Short descriptive text snippets
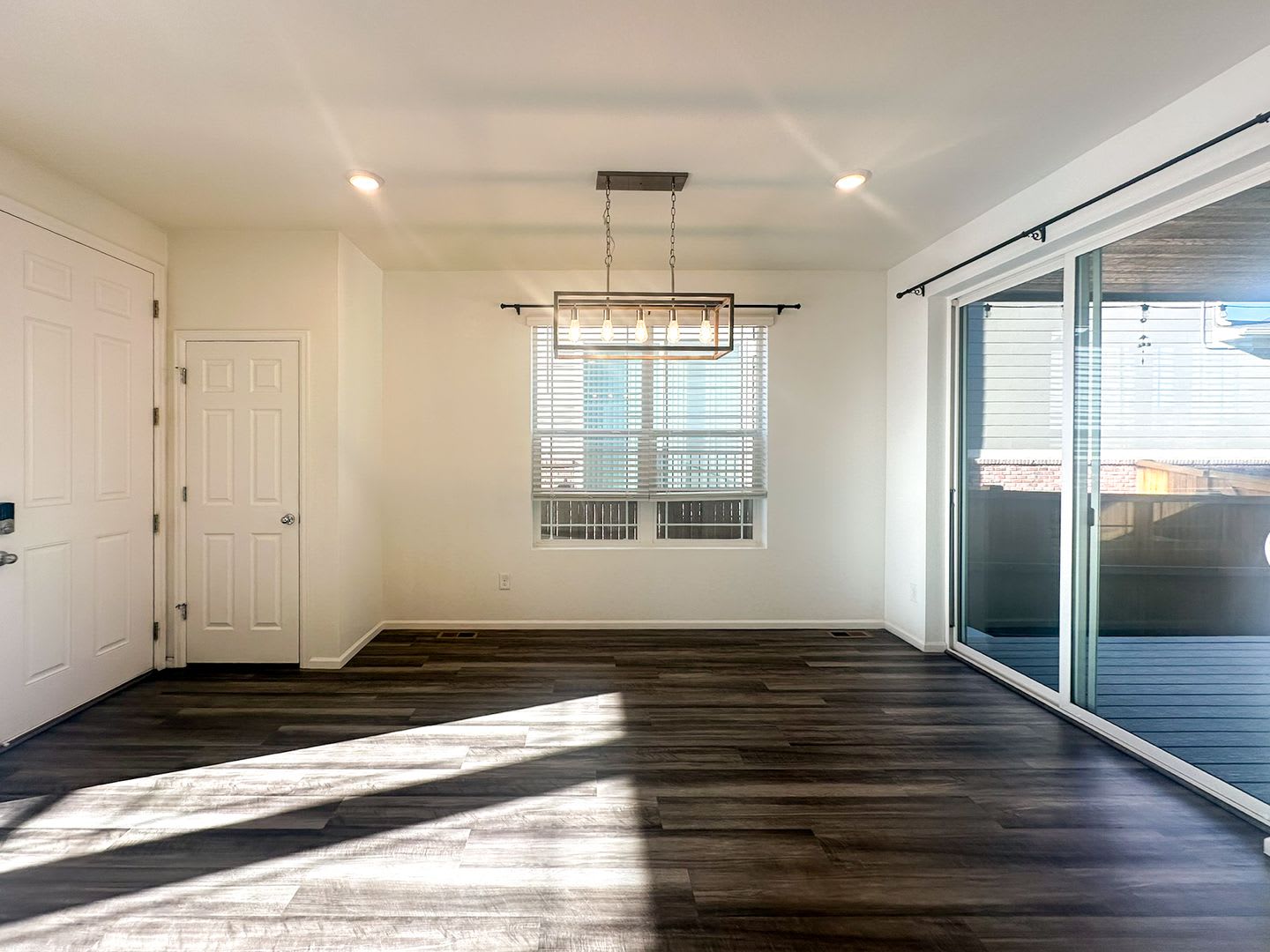 NEARLY NEW 3-bed Paired Home in Senderos Creek community! – photo 3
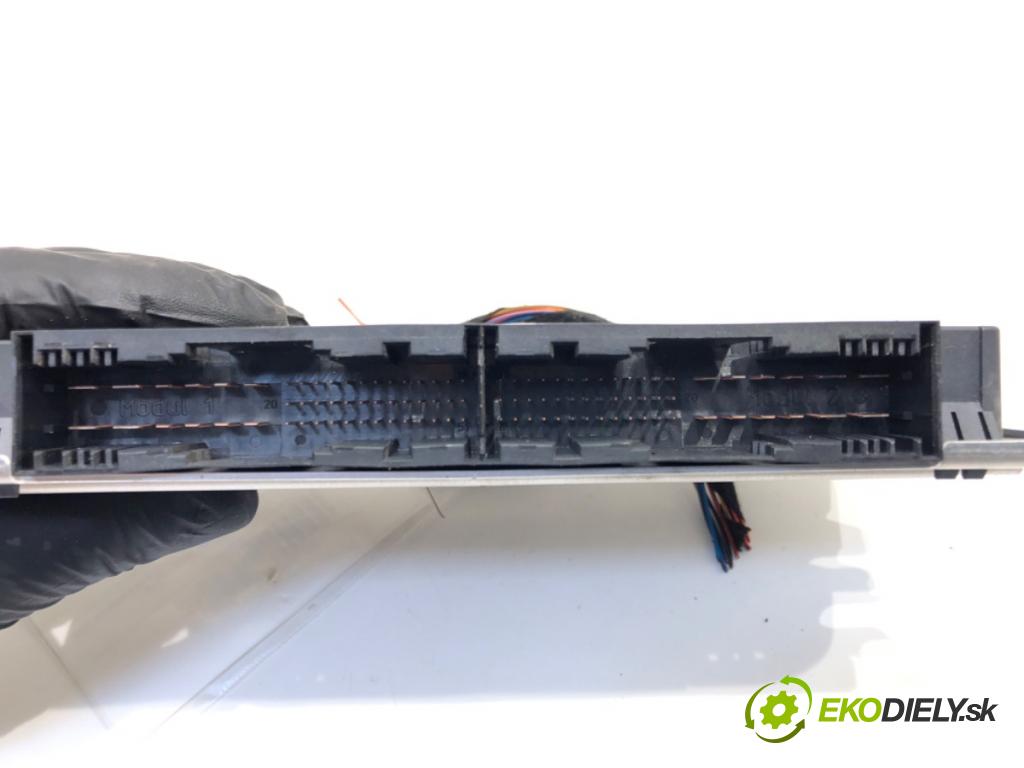 BMW 5 (F10) 2009 - 2016    528 i xDrive 180 kW [245 KM] benzyna 2011 - 2016  Modul svetiel 9273628 (Ostatné)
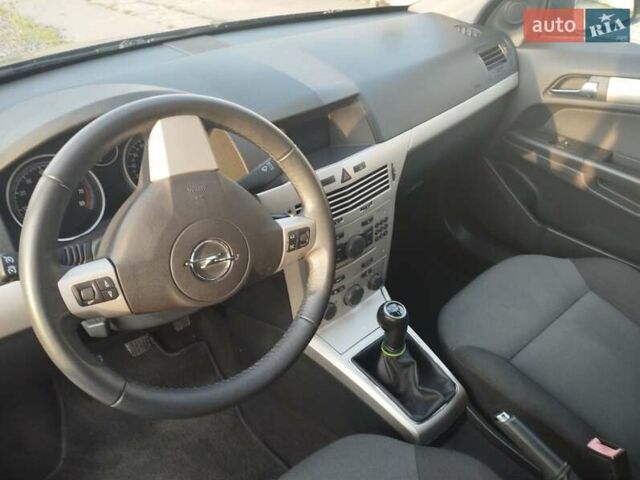 Черный Опель Астра, объемом двигателя 0 л и пробегом 211 тыс. км за 5200 $, фото 11 на Automoto.ua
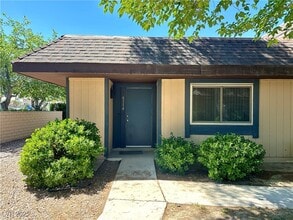 Building Photo - 6114 Meadowgrass Ln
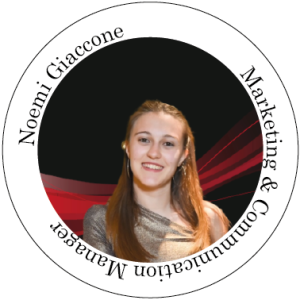 Noemi Giaccone, Responsabile Marketing e Comunicazione, sorridente. Foto in cornice circolare con sfondo rosso e nero.
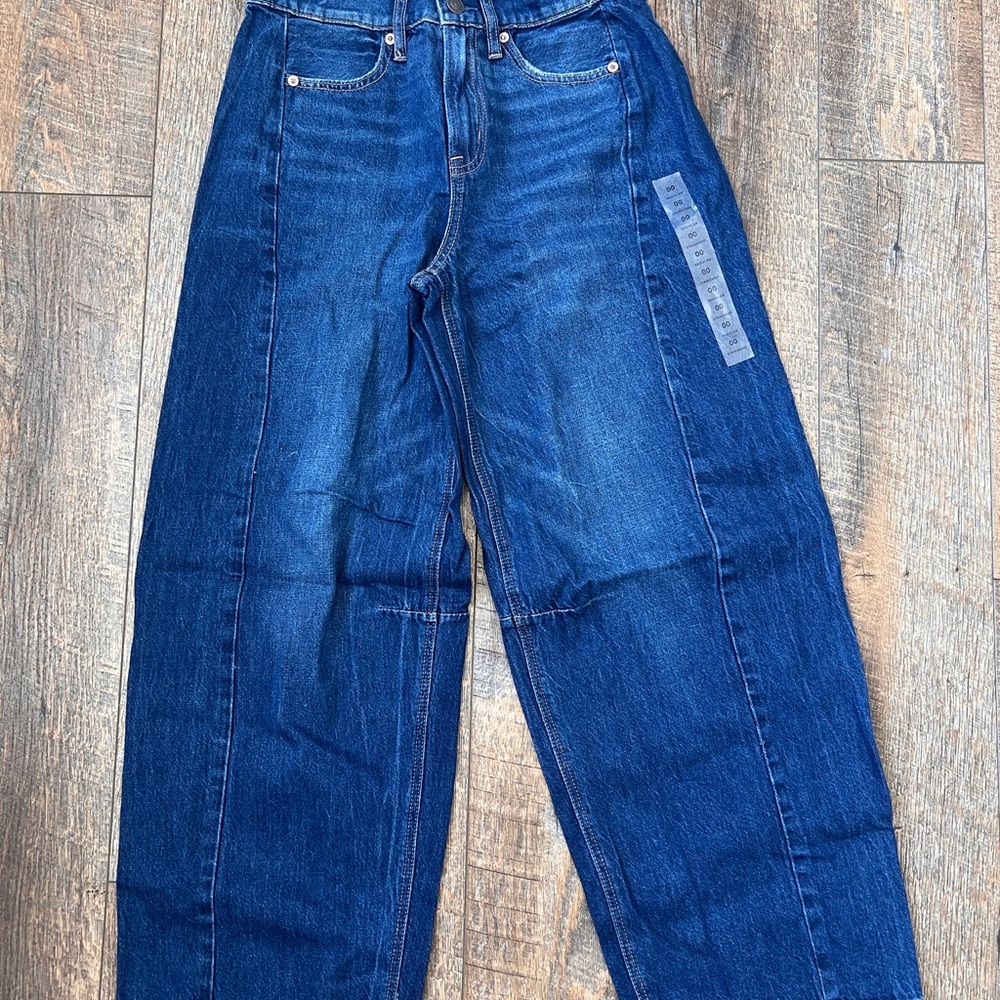 Barrel Jeans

What the task asks: None of the images should be copied, but every entry must be given again exactly.

Completed exercise:
 NEARLY NEW 3-bed Paired Home in Senderos Creek community! – photo 3
 BMW 5 (F10) 2009 - 2016    528 i xDrive 180 kW [245 KM] benzyna 2011 - 2016  Modul svetiel 9273628 (Ostatné)
 Черный Опель Астра, объемом двигателя 0 л и пробегом 211 тыс. км за 5200 $, фото 11 на Automoto.ua
 Building Photo - 6114 Meadowgrass Ln
 Noemi Giaccone, Responsabile Marketing e Comunicazione, sorridente. Foto in cornice circolare con sfondo rosso e nero.
 Barrel Jeans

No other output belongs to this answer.